Task details
Using the material below, print a verbatim copy of every line from the one containing "Zara Womens Linen" through the one containing "Blogger yellow glowing neon icon", inclusive, and omit the pictures.
──────── The data
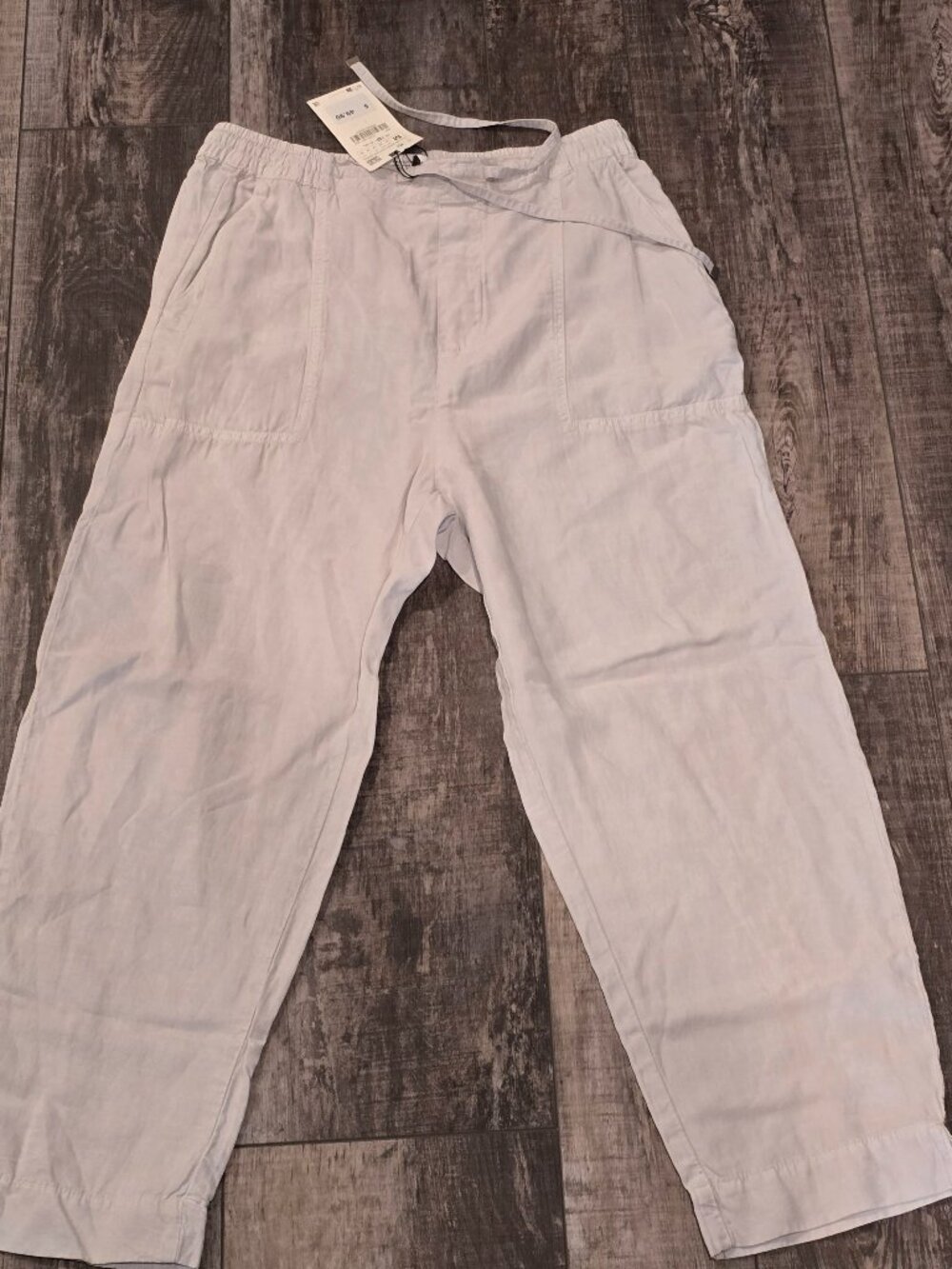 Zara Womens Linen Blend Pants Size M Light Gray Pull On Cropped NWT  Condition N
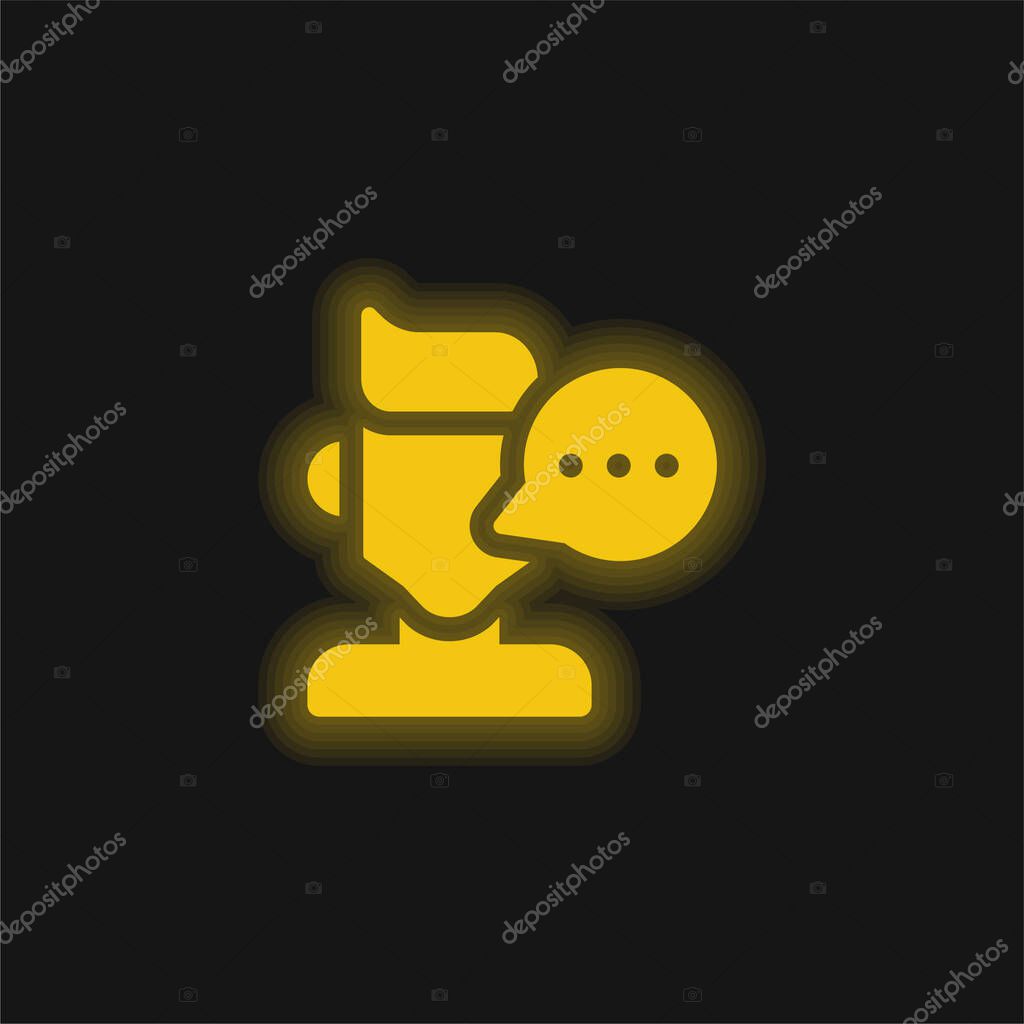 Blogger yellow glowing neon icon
────────────────
──────── The data
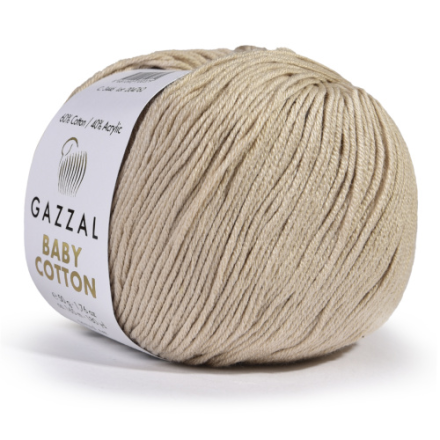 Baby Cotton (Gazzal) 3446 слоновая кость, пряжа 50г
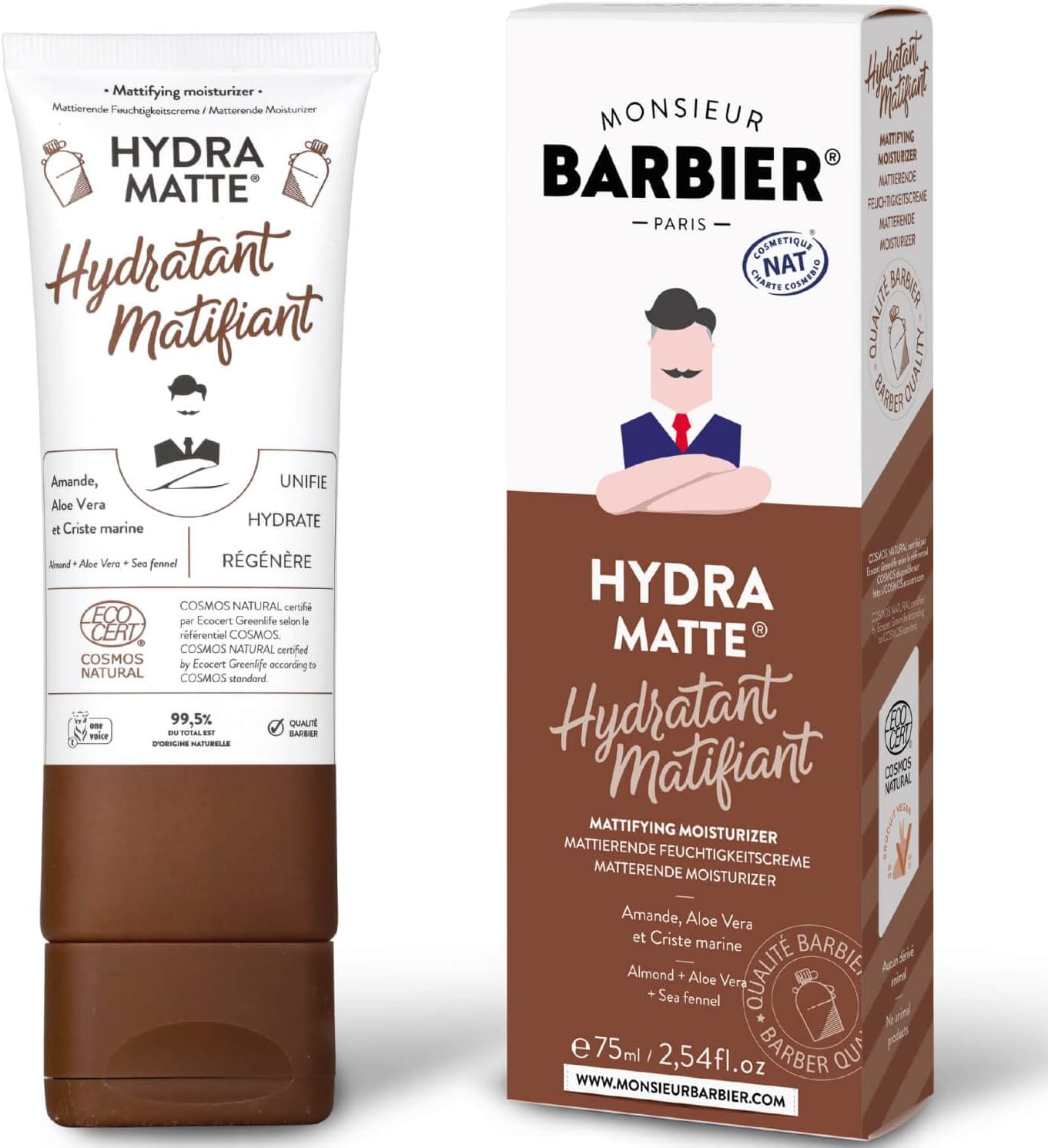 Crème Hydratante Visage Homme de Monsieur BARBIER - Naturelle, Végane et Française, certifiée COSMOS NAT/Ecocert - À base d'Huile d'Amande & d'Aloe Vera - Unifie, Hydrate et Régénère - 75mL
────────────────
Answer to the exercise
 Zara Womens Linen Blend Pants Size M Light Gray Pull On Cropped NWT  Condition N
 Blogger yellow glowing neon icon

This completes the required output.